What is needed is every line, exactly as given, from the line containing "BO6 Hard Breakup" through the end of the data below.

Segment Start: GIVEN DATA

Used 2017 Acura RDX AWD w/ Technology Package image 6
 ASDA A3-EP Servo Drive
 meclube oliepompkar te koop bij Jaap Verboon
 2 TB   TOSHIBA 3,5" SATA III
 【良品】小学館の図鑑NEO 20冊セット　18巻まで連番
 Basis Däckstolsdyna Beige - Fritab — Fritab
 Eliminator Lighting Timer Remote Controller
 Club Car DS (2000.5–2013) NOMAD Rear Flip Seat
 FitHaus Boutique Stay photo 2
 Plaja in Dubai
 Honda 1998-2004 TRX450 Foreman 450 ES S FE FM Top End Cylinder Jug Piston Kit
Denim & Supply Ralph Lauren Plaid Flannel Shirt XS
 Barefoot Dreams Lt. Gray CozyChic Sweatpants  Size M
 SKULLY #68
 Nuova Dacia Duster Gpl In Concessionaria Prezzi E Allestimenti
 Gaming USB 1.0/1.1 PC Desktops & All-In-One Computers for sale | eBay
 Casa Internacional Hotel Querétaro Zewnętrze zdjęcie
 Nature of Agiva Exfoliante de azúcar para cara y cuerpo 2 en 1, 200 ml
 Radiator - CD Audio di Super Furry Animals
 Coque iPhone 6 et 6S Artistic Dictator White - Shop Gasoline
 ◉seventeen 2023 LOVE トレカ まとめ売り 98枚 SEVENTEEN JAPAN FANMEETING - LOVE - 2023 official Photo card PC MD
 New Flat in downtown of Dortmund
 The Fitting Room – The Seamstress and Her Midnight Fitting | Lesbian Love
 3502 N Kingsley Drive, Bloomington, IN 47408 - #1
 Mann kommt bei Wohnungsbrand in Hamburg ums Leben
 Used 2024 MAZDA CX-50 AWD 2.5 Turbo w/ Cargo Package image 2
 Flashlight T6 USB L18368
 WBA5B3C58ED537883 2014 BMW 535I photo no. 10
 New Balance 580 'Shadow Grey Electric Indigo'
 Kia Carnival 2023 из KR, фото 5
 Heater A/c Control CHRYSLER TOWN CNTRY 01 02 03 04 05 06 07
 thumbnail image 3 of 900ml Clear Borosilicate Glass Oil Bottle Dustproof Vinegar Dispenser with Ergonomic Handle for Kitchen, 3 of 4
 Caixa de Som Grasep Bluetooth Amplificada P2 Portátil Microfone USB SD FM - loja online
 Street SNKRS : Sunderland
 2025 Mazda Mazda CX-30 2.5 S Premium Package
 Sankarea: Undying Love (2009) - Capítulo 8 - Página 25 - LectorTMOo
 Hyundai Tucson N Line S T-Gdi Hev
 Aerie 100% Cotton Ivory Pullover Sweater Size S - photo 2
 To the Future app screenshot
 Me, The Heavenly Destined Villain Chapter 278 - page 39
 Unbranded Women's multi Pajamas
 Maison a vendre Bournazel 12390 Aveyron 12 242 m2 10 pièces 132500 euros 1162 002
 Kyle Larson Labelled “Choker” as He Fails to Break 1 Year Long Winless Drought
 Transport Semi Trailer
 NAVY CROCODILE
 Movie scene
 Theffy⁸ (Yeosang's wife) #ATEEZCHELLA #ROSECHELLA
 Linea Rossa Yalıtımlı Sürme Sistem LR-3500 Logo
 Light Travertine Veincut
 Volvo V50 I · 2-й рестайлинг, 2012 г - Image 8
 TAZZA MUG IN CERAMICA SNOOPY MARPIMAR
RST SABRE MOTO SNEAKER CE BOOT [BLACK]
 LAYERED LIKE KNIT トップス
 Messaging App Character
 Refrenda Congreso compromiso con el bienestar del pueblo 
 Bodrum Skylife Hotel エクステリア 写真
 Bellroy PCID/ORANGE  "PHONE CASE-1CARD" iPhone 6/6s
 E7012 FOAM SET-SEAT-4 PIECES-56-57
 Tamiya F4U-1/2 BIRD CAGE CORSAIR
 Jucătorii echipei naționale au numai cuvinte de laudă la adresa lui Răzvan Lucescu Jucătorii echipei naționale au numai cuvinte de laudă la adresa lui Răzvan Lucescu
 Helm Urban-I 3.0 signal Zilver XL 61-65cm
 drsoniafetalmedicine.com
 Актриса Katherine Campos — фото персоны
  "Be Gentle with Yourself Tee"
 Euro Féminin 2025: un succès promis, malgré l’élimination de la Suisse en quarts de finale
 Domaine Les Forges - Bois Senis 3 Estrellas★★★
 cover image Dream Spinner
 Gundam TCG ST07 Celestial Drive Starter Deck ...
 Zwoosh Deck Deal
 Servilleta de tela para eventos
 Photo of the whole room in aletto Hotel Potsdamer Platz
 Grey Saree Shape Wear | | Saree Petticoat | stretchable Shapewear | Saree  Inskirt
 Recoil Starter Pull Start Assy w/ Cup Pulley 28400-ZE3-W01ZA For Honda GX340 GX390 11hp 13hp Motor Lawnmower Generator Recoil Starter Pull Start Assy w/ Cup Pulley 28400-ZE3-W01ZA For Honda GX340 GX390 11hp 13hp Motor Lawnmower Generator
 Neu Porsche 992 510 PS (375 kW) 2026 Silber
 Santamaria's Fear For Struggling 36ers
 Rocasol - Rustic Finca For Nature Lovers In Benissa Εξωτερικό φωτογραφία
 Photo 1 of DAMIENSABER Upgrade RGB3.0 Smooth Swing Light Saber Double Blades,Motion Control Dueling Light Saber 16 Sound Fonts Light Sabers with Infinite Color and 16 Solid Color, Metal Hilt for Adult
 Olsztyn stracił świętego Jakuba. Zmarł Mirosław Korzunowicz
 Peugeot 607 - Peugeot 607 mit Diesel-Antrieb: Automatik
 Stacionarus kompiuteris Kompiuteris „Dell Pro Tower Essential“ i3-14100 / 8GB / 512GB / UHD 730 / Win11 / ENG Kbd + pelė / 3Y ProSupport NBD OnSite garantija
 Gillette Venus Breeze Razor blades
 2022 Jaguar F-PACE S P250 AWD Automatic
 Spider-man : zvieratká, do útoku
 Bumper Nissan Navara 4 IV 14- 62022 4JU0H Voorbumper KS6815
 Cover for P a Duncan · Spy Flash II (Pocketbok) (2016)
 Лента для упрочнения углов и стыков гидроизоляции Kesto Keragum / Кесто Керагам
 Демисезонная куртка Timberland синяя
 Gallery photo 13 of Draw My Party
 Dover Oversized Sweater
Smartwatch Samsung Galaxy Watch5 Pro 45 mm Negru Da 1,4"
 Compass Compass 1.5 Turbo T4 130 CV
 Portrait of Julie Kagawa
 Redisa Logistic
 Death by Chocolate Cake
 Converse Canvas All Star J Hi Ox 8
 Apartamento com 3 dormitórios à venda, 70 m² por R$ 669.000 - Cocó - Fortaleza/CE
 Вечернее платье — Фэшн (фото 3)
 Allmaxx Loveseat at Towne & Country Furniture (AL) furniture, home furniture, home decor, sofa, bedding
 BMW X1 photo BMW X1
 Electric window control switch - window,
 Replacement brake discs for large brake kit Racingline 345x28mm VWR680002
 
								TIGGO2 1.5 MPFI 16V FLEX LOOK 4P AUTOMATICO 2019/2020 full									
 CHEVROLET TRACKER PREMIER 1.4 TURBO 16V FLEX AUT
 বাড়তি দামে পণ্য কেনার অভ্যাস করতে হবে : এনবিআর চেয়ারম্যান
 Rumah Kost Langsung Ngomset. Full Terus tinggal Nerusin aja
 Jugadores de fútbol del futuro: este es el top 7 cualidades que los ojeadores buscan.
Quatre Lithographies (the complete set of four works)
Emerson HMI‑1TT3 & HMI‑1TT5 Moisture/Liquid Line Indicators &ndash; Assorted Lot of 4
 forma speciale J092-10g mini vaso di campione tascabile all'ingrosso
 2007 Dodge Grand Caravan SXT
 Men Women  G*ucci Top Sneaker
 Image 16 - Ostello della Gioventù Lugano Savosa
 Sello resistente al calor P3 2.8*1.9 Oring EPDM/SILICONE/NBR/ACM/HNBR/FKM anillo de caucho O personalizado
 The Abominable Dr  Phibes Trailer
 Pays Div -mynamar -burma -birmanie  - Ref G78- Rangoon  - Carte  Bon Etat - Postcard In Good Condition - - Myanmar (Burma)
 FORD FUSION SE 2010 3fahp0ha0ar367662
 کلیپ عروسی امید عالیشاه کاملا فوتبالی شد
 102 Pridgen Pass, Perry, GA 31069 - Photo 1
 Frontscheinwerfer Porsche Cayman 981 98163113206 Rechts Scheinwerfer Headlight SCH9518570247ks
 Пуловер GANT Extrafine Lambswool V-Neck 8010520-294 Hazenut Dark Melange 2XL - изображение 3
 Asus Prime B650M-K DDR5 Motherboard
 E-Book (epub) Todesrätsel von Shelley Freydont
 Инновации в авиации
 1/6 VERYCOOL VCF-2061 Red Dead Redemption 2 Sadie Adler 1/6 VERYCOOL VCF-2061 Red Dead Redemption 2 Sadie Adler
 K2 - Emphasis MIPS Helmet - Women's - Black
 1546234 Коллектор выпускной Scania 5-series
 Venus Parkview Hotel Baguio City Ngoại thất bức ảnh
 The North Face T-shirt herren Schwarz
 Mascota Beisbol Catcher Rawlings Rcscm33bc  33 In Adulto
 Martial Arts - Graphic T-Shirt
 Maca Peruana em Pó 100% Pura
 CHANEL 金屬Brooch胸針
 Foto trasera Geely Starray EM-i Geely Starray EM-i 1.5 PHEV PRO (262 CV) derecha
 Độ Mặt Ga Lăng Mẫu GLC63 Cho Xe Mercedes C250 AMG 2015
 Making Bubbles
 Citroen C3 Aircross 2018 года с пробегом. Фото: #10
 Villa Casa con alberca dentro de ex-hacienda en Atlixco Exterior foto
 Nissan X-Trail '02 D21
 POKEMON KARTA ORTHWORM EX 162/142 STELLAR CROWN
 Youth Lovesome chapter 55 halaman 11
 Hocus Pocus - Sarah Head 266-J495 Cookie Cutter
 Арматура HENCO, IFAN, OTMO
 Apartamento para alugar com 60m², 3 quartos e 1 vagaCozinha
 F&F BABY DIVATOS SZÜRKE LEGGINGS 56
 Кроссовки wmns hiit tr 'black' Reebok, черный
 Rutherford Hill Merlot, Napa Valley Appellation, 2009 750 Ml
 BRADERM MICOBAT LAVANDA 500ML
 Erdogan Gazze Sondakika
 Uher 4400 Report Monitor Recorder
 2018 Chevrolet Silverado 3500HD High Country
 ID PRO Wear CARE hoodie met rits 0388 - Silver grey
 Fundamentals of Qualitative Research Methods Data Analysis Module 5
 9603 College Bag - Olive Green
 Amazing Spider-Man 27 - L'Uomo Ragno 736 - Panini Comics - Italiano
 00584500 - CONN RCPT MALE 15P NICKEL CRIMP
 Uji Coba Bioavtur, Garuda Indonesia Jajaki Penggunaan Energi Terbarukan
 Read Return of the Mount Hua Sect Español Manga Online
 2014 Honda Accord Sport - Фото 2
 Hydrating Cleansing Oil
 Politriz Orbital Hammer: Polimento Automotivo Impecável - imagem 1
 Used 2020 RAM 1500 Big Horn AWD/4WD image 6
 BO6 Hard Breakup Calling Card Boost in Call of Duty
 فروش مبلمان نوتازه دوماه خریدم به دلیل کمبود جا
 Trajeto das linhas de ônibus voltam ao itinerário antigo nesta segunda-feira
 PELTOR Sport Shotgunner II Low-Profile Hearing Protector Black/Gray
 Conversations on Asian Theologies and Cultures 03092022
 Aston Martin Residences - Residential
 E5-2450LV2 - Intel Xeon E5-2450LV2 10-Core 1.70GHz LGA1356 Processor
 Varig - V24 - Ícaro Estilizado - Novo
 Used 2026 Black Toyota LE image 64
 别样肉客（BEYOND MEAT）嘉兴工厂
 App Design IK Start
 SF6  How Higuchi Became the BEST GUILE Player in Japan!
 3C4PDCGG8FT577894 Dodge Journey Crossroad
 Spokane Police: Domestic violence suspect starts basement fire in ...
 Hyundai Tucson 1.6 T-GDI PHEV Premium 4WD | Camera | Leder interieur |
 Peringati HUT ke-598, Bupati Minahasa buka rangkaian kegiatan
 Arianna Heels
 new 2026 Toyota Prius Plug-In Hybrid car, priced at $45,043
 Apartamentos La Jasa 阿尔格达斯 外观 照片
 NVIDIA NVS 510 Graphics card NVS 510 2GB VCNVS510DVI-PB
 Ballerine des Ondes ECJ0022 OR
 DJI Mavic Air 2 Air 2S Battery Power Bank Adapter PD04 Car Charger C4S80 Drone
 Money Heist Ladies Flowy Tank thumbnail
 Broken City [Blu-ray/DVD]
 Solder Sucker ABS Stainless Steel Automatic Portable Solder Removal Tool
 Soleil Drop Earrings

Segment End: GIVEN DATA

SOLVED EXERCISE —
 BO6 Hard Breakup Calling Card Boost in Call of Duty
 فروش مبلمان نوتازه دوماه خریدم به دلیل کمبود جا
 Trajeto das linhas de ônibus voltam ao itinerário antigo nesta segunda-feira
 PELTOR Sport Shotgunner II Low-Profile Hearing Protector Black/Gray
 Conversations on Asian Theologies and Cultures 03092022
 Aston Martin Residences - Residential
 E5-2450LV2 - Intel Xeon E5-2450LV2 10-Core 1.70GHz LGA1356 Processor
 Varig - V24 - Ícaro Estilizado - Novo
 Used 2026 Black Toyota LE image 64
 别样肉客（BEYOND MEAT）嘉兴工厂
 App Design IK Start
 SF6  How Higuchi Became the BEST GUILE Player in Japan!
 3C4PDCGG8FT577894 Dodge Journey Crossroad
 Spokane Police: Domestic violence suspect starts basement fire in ...
 Hyundai Tucson 1.6 T-GDI PHEV Premium 4WD | Camera | Leder interieur |
 Peringati HUT ke-598, Bupati Minahasa buka rangkaian kegiatan
 Arianna Heels
 new 2026 Toyota Prius Plug-In Hybrid car, priced at $45,043
 Apartamentos La Jasa 阿尔格达斯 外观 照片
 NVIDIA NVS 510 Graphics card NVS 510 2GB VCNVS510DVI-PB
 Ballerine des Ondes ECJ0022 OR
 DJI Mavic Air 2 Air 2S Battery Power Bank Adapter PD04 Car Charger C4S80 Drone
 Money Heist Ladies Flowy Tank thumbnail
 Broken City [Blu-ray/DVD]
 Solder Sucker ABS Stainless Steel Automatic Portable Solder Removal Tool
 Soleil Drop Earrings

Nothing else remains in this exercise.